_Provided data_:

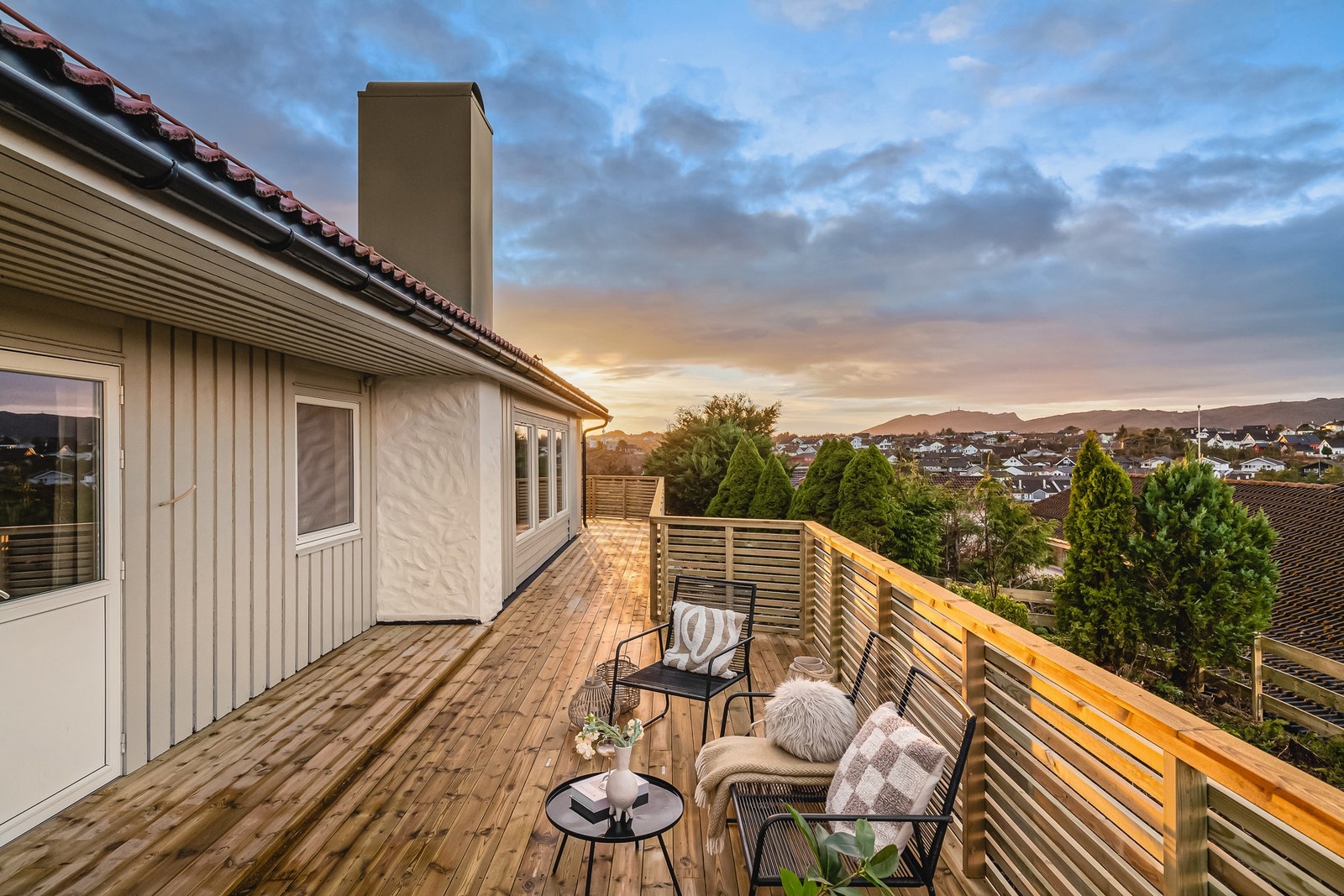 Selve terrassen er revet og bygget opp igjen i 2025. Galleribilde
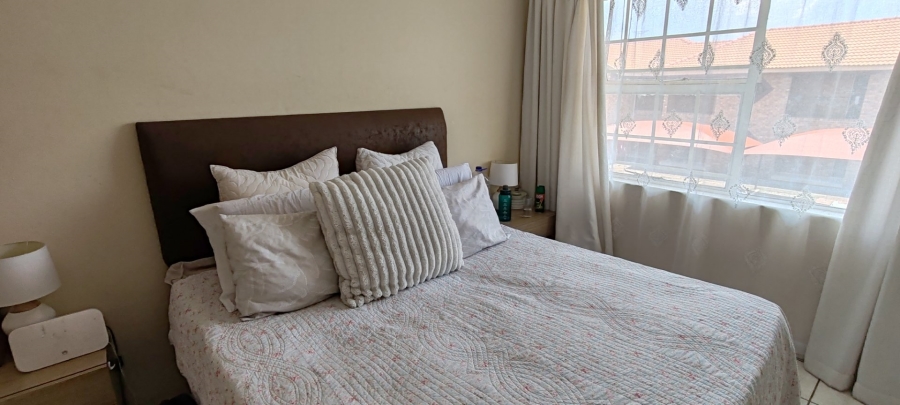 2 Bedroom Property for Sale in Crystal Park Gauteng
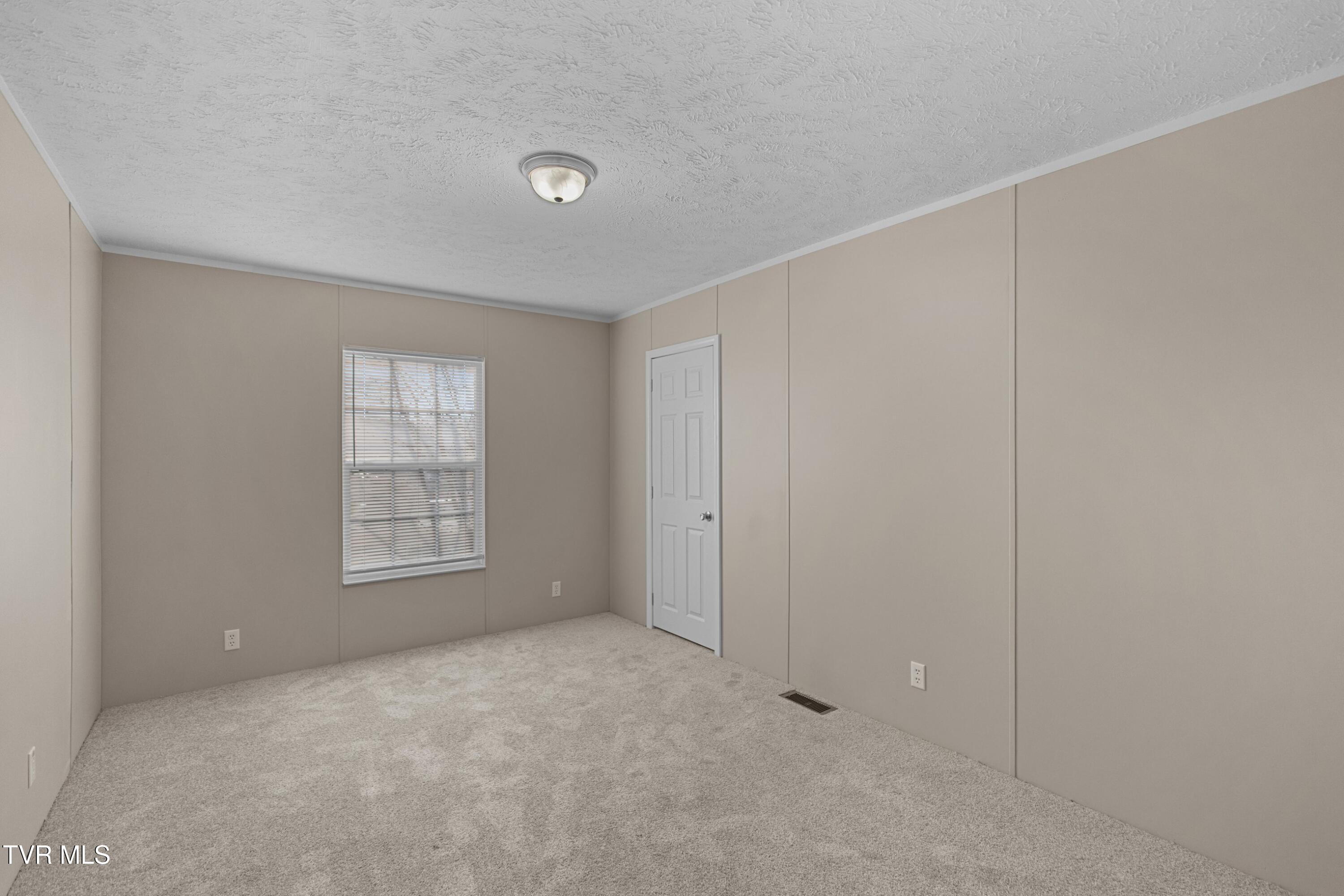 311 Spring Street Clinton, TN 37716 - Photo 20 of 40 019-311SpringStreet-Clinton-TN-37716-SMA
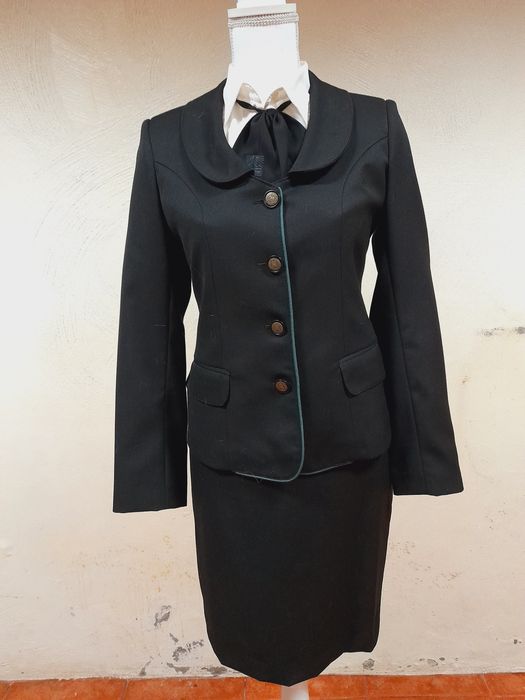 Traje académico feminino da Universidade de Aveiro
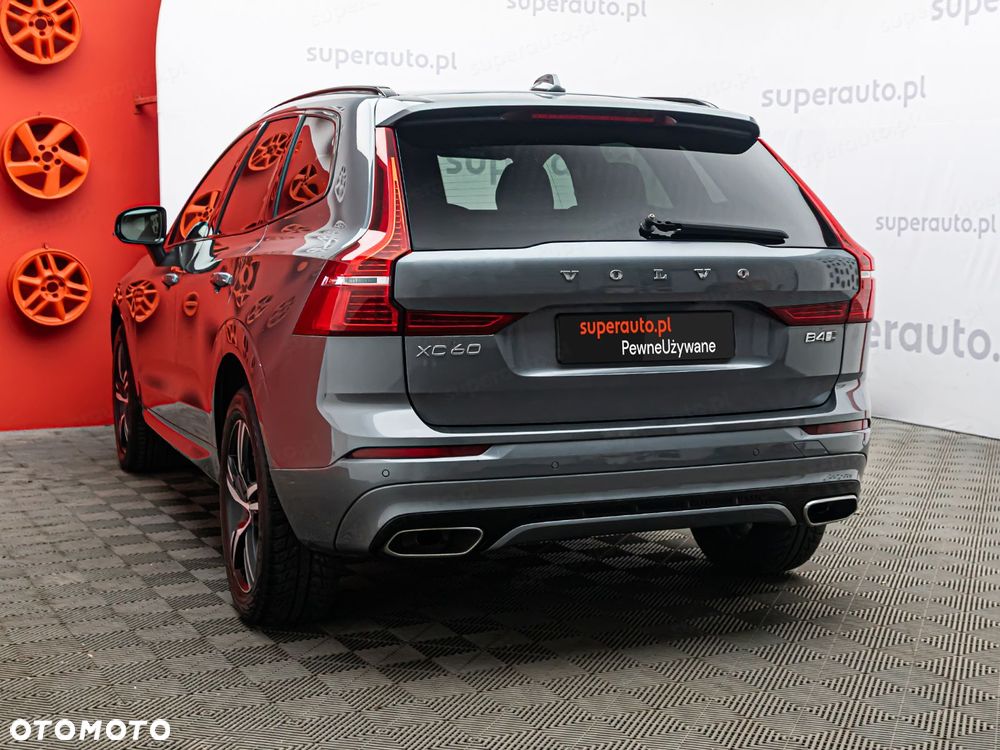 Volvo XC 60 B4 D AWD R-Design - 6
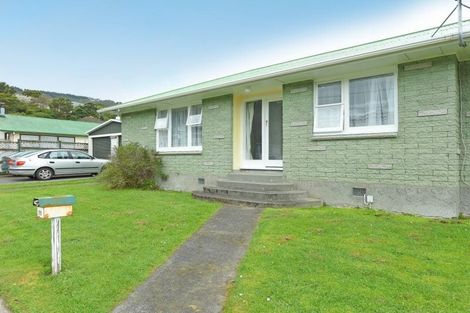 Photo of property in 12/11 Glen Alice Grove, Naenae, Lower Hutt, 5011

_To do_: Transcribe exactly the portion of the material above that runs from the line containing "2 Bedroom Property" through its last line, omitting all pictures.

_Answer for this exercise_:
 2 Bedroom Property for Sale in Crystal Park Gauteng
 311 Spring Street Clinton, TN 37716 - Photo 20 of 40 019-311SpringStreet-Clinton-TN-37716-SMA
 Traje académico feminino da Universidade de Aveiro
 Volvo XC 60 B4 D AWD R-Design - 6
 Photo of property in 12/11 Glen Alice Grove, Naenae, Lower Hutt, 5011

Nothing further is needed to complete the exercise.